EXERCISE PROMPT:
Nothing but the lines from the one that contains "Renault Clio III" through the end of the data should be reproduced, and each must match exactly.

PROVIDED DATA:
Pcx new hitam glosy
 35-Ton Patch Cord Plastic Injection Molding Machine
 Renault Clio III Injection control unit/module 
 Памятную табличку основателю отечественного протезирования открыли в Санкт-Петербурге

WRITTEN RESPONSE:
 Renault Clio III Injection control unit/module 
 Памятную табличку основателю отечественного протезирования открыли в Санкт-Петербурге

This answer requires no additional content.